I'm new to networking (at least at this level) and need some guidance. First, I have an Actiontec MI424WR (Rev. F) Coax Verizon Fios modem that I use as my home networking wireless router. From a LAN port on that I've connected a cable to the WAN port on my DIR-655 which acts as my gigabit office hardwire/wireless router. I need to keep the home network and the office network separate.
All of my computers are Windows, either 7, Vista or XP.
Connected to my Dir-655 on the office network are 2 wireless computers, a printer, an IOMEGA 1TB Home Personal Cloud NAS HDD, plus 2 desktop computers.

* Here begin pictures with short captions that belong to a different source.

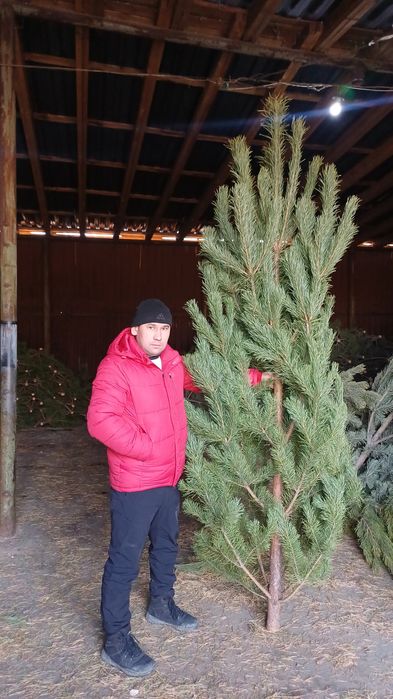 Продам ёлку(сосна)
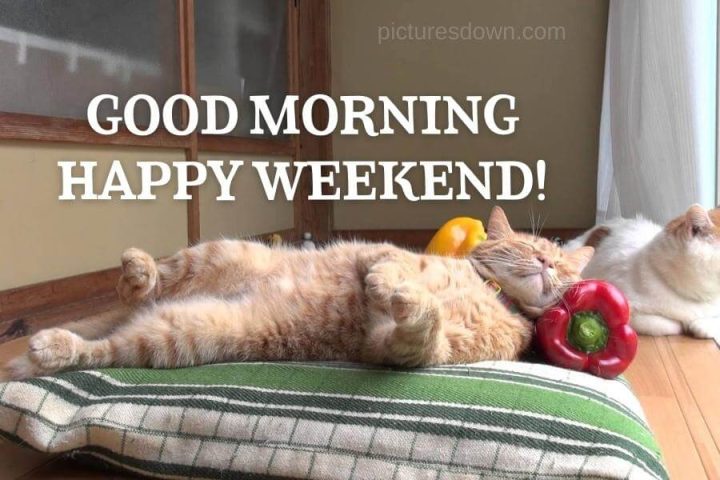 Happy weekend funny picture cat on pepper free download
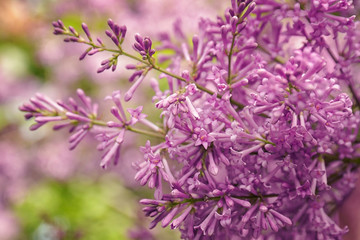 Beautiful lilac branch, closeup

The DIR-655 is set with a static IP address matching the range of the Actiontec. The DIR-655 is set for DHCP for the devices on the network (although 2 of the computers have static IP address).
Now the fun stuff:
When the DIR-655 had a Dynamic IP address set by the Actiontec, the IOMEGA NAS HDD kept losing connection with all the devices on the network. Only after I set the DIR-655 to static IP did that stop and everybody started to play nice. I'm not sure why that would make a difference, but it did.
But regardless of whether it is set to dynamic or static, no computer on the network or program, even third party programs, can connect to ANY of the time servers out there... and I mean any of them. I've tried at least 20 or more of the standard and not so standard ones. The DIR-655's time is off, and it is set to get time automatically. None of my computers, or my IOMEGA NAS, can access time. The Actiontec, though, seems to be set correctly.
Everything connects to the internet just fine. Web, email, auto product upgrades. Fine. So far it's just the time server thing which is driving me nuts.
I done everything I know how to do to enable Port Forwarding through both routers for NTP > UDP 123 since that is the standard port for the Network Time Protocol, but I could have easily screwed that up.
Any suggestions for getting this fixed and still keeping my 2 networks separate. Thanks for any help.